Displacement & Masking
In digital design, distorting an image is rarely about drawing complex 3D meshes. Instead, it is usually an exercise in pixel offset and stenciling — pushing and pulling coordinates before the browser renders the final color to the screen. By displacing pixels along mathematical functions or layering them under stencil masks, we can recreate analog defects, optical refractions, and vintage print misalignments entirely in real-time.
This interactive laboratory explores two separate approaches to image distortion: displacement mapping (which bends a light field based on a gradient map to simulate fluted glass) and coordinate masking (which selectively reveals a shifted duplicate of an image to imply a vector pattern).
1. Fluted Glass Refraction
The first effect replicates the physical lens behavior of ribbed, reeded, or fluted glass panels. Instead of absolute layering, it applies an SVG displacement filter driven by a custom-generated gradient map.
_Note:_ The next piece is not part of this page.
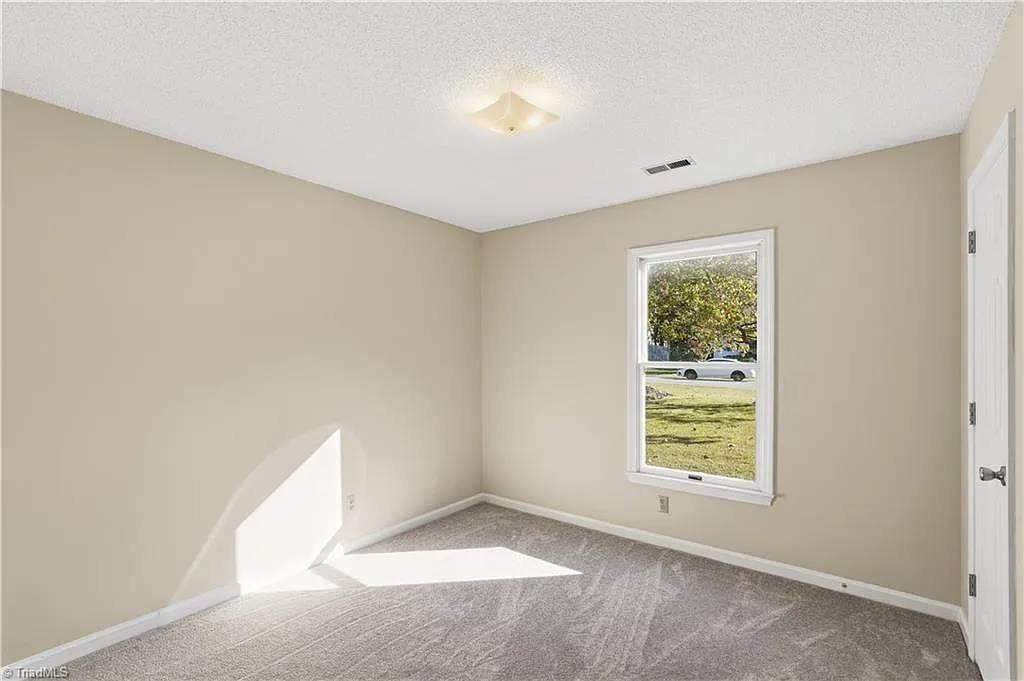 305 Appledore Ct - Photo 3 of 18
The color values of a helper texture dictate the direction and magnitude of pixel offset — forcing the image to stretch, repeat, and snap along the ribs.
Adjust the thickness and refraction scale to control the optical warping. Use the Adjust button or press D to reveal the controls panel.
2. The Masked Offset Glitch
The second effect plays a trick on human perception. Rather than drawing wavy contours, it renders two identical image layers: a clean background layer and a shifted foreground layer. An invisible stencil is placed on the foreground layer. The viewer's eyes follow the thin lines of the stencil, reading the spatial offset as curves and contours within the image itself.
Toggle between topographic contours, circular banknote Guilloche nets, or orbital spirographs.
3. Mechanics & Comparison
While both techniques result in beautiful, tactile visuals, they operate on different layers of the browser pipeline:
- Masking (Stencil) uses the alpha channel of a secondary canvas. It is binary and stateless — it does not alter pixel coordinates. It simply hides or reveals layers that have already been offset using standard CSS
transform. - Displacement (Refraction) uses the SVG
<feDisplacementMap>filter primitive. It is coordinate-aware — it shifts pixel lookups horizontally or vertically based on the red and green color channels of a map. The sharp grid-snapping lines of the fluted glass occur where the gradient wraps back around, causing the sampler to jump abruptly across coordinates.